White House correspondents and other reporters now face the imminent challenge of holding President Trump and his administration accountable with a rigor that Candidate Trump—at least on the dominant medium of television, in contrast to often-illuminating, if less impactful, stories produced by various print and online outlets—managed consistently to elude.
As former Politico editor Susan B. Glasser lamented in a much-discussed essay for the Brookings Institution: “the media scandal of 2016 isn’t so much about what reporters failed to tell the American public; it’s about what they did report on, and the fact that it didn’t seem to matter. Stories that would have killed any other politician—truly worrisome revelations about everything from the federal taxes Trump dodged to the charitable donations he lied about, the women he insulted and allegedly assaulted, and the mob ties that have long dogged him—did not stop Trump from thriving in this election year.”
CNN’s bulldog interrogator Jake Tapper, has been a notable exception in successfully holding Trump’s feet to the fire, at one point pressing him with 23 follow-up questions concerning his “racist” attacks on federal judge Gonzalo Curiel, the Indiana-born son of Mexican immigrants who was presiding over a lawsuit against Trump University.
Yet Tapper’s boss, Zucker, who bravely participated in the occasionally rowdy Nov. 30 dinnertime panel on campaign coverage at Boston’s Charles Hotel, served in effect as a punching bag for critics of the way CNN in particular, and cable and broadcast news in general, reported on the campaign and, they insisted, gave Trump a free ride.
“America Heals Wounds By Agreeing That CNN’s Jeff Zucker Totally Sucks,” was Wonkette’s headline over an account of the epic confrontation, during which strategists for Carly Fiorina, Marco Rubio, Mike Huckabee and others loudly heckled the CNN executive from their banquet tables, accusing him of granting the telegenic Trump an unfair advantage by affording him airtime privileges that were denied to his rivals.
Zucker—who acknowledged that Trump has been ratings catnip, contributing to the most profitable sustained period in CNN’s 36-year history—pugnaciously declared: "I have to respectfully push back on the campaign managers who spoke here today, because frankly, respectfully, I think that’s bullshit.
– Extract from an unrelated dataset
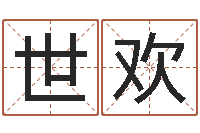 王世欢吕才合婚-生辰八字分析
Donald Trump was on CNN a lot. That’s because we asked him to do interviews and he agreed to do them. We continuously asked the other candidates to come on and do interviews"—and they declined, Zucker claimed.
“I don’t remember getting invited to call in, though,” Sarah Isgur Flores, Fiorina’s deputy campaign manager, interrupted from her table, while representatives of other candidates chimed in to agree or mutter profanities.
“That’s not true, you can’t keep saying that,” Huckabee adviser Chip Saltsman yelled at Zucker when he repeated the claim, according to Politico. (In a message to The Daily Beast, Isgur Flores declined to comment further, but added: “props to Jeff for showing up and engaging with us!”)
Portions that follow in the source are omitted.